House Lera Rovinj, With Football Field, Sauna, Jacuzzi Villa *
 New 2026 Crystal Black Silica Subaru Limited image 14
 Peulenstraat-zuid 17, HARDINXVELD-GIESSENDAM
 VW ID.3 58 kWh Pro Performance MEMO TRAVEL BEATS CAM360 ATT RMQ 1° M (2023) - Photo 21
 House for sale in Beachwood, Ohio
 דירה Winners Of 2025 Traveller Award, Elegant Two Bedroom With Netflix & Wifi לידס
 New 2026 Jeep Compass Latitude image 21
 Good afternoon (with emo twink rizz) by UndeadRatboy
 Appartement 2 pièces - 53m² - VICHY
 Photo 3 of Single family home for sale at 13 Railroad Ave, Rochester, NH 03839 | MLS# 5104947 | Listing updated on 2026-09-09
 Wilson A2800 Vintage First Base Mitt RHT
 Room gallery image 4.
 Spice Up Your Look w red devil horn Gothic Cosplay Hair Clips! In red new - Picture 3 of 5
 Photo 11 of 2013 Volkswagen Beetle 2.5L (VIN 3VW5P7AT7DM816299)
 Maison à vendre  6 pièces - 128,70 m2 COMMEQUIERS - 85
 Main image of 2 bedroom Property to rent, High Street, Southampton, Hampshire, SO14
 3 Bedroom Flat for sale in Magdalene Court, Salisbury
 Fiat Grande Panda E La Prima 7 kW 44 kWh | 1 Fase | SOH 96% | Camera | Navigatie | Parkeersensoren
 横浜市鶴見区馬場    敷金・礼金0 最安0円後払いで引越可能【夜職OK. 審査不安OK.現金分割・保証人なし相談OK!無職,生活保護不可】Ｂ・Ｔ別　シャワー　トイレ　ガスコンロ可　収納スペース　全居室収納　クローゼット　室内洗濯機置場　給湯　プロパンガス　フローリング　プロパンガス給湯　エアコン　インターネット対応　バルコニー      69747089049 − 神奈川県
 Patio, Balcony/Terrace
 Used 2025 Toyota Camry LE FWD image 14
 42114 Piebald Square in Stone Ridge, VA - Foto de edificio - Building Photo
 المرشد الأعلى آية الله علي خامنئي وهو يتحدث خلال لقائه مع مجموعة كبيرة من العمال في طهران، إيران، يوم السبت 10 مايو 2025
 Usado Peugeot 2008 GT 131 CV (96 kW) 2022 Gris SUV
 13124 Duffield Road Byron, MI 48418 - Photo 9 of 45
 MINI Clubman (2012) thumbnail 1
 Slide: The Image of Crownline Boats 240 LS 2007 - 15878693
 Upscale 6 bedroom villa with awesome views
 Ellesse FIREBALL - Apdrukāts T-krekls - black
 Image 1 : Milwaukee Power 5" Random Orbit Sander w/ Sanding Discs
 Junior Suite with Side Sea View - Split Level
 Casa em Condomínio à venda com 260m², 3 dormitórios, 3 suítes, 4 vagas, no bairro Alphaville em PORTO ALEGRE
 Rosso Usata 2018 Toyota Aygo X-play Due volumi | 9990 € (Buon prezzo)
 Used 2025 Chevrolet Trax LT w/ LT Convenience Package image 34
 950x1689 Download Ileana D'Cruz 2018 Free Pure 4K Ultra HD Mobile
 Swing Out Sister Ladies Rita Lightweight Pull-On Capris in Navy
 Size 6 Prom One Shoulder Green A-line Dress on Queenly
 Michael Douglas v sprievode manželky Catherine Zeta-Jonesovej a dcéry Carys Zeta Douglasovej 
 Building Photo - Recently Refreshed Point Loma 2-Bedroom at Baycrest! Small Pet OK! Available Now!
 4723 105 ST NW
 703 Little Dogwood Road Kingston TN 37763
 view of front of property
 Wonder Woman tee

::::::::

» EXERCISE PROMPT: Retype every line of the listing exactly as it appears.

» FINAL ANSWER:
House Lera Rovinj, With Football Field, Sauna, Jacuzzi Villa *
 New 2026 Crystal Black Silica Subaru Limited image 14
 Peulenstraat-zuid 17, HARDINXVELD-GIESSENDAM
 VW ID.3 58 kWh Pro Performance MEMO TRAVEL BEATS CAM360 ATT RMQ 1° M (2023) - Photo 21
 House for sale in Beachwood, Ohio
 דירה Winners Of 2025 Traveller Award, Elegant Two Bedroom With Netflix & Wifi לידס
 New 2026 Jeep Compass Latitude image 21
 Good afternoon (with emo twink rizz) by UndeadRatboy
 Appartement 2 pièces - 53m² - VICHY
 Photo 3 of Single family home for sale at 13 Railroad Ave, Rochester, NH 03839 | MLS# 5104947 | Listing updated on 2026-09-09
 Wilson A2800 Vintage First Base Mitt RHT
 Room gallery image 4.
 Spice Up Your Look w red devil horn Gothic Cosplay Hair Clips! In red new - Picture 3 of 5
 Photo 11 of 2013 Volkswagen Beetle 2.5L (VIN 3VW5P7AT7DM816299)
 Maison à vendre  6 pièces - 128,70 m2 COMMEQUIERS - 85
 Main image of 2 bedroom Property to rent, High Street, Southampton, Hampshire, SO14
 3 Bedroom Flat for sale in Magdalene Court, Salisbury
 Fiat Grande Panda E La Prima 7 kW 44 kWh | 1 Fase | SOH 96% | Camera | Navigatie | Parkeersensoren
 横浜市鶴見区馬場    敷金・礼金0 最安0円後払いで引越可能【夜職OK. 審査不安OK.現金分割・保証人なし相談OK!無職,生活保護不可】Ｂ・Ｔ別　シャワー　トイレ　ガスコンロ可　収納スペース　全居室収納　クローゼット　室内洗濯機置場　給湯　プロパンガス　フローリング　プロパンガス給湯　エアコン　インターネット対応　バルコニー      69747089049 − 神奈川県
 Patio, Balcony/Terrace
 Used 2025 Toyota Camry LE FWD image 14
 42114 Piebald Square in Stone Ridge, VA - Foto de edificio - Building Photo
 المرشد الأعلى آية الله علي خامنئي وهو يتحدث خلال لقائه مع مجموعة كبيرة من العمال في طهران، إيران، يوم السبت 10 مايو 2025
 Usado Peugeot 2008 GT 131 CV (96 kW) 2022 Gris SUV
 13124 Duffield Road Byron, MI 48418 - Photo 9 of 45
 MINI Clubman (2012) thumbnail 1
 Slide: The Image of Crownline Boats 240 LS 2007 - 15878693
 Upscale 6 bedroom villa with awesome views
 Ellesse FIREBALL - Apdrukāts T-krekls - black
 Image 1 : Milwaukee Power 5" Random Orbit Sander w/ Sanding Discs
 Junior Suite with Side Sea View - Split Level
 Casa em Condomínio à venda com 260m², 3 dormitórios, 3 suítes, 4 vagas, no bairro Alphaville em PORTO ALEGRE
 Rosso Usata 2018 Toyota Aygo X-play Due volumi | 9990 € (Buon prezzo)
 Used 2025 Chevrolet Trax LT w/ LT Convenience Package image 34
 950x1689 Download Ileana D'Cruz 2018 Free Pure 4K Ultra HD Mobile
 Swing Out Sister Ladies Rita Lightweight Pull-On Capris in Navy
 Size 6 Prom One Shoulder Green A-line Dress on Queenly
 Michael Douglas v sprievode manželky Catherine Zeta-Jonesovej a dcéry Carys Zeta Douglasovej 
 Building Photo - Recently Refreshed Point Loma 2-Bedroom at Baycrest! Small Pet OK! Available Now!
 4723 105 ST NW
 703 Little Dogwood Road Kingston TN 37763
 view of front of property
 Wonder Woman tee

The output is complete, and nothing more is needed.